Crespi, Joseph Maria

, sometimes called La Spagnuolo, from the style in which he affected to dress, was born at Bologna, in 1665, and received his earliest instruction in design from Angelo Toni, a very moderate artist; but in a short time he quitted that school, and successively studied under Domenico Cainuti, Carlo Cignani, and Giovanni Antonio Burrini. From them he applied himself to study the works of Baroccio, and afterwards the principles of colouring at Venice, from the paintings of Titian, Tintoretto, and Paul Veronese. Thus qualified to appear with credit in his profession, his merit was made known to the grand duke Ferdinand, who immediately engaged him in several noble compositions, which he executed with success. In portrait he was particularly excellent; and to those subjects he gave elegant attitudes, with a strong and graceful resemblance.

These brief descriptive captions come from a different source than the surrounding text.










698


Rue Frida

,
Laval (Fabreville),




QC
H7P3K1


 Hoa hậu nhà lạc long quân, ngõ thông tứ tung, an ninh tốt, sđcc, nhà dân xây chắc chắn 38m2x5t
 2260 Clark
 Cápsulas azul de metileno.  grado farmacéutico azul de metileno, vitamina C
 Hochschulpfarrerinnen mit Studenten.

His imagination was lively, and often whimsical; he was very famous for caricatures, and frequently amused himself with designing comic and burlesque fancies, which he expressed with abundance of humour and drollery. Sometimes he etched those designs with aqua fortis, selecting his subjects from the writings of the facetious and burlesque poets. He was remarkably singular, in accustoming himself to paint in a chamber properly darkened, and so contrived as to admit a ray of the sun, or the light of a flambeau, to enable him to give a greater roundness and relief to his paintings, by a nice observation of the force of natural light and shadow. His works are dispersed into different parts of Europe. In the gallery of Dresden were “The Seven Sacraments,” in seven pieces; “The Virgin, Christ, and St. John,” “An Ecce Homo, attended by two Soldiers.” He died in 1747. His sons, Antonio and Lewis, were some of the best of their father’s scholars, but though their works were much studied, and composed with more sobriety than those of their father, they never attained his eminence in the art. Lewis, indeed, quitted the pencil for the pen, and wrote many considerable works relating to the arts, and amongst others, the Supplement | or 3d volume of the “Felsina Pittrice.” He died in 1779, and Antonio survived him only three years. 1


Pilkington.—Argenville.—Rees’s Cyclopædia.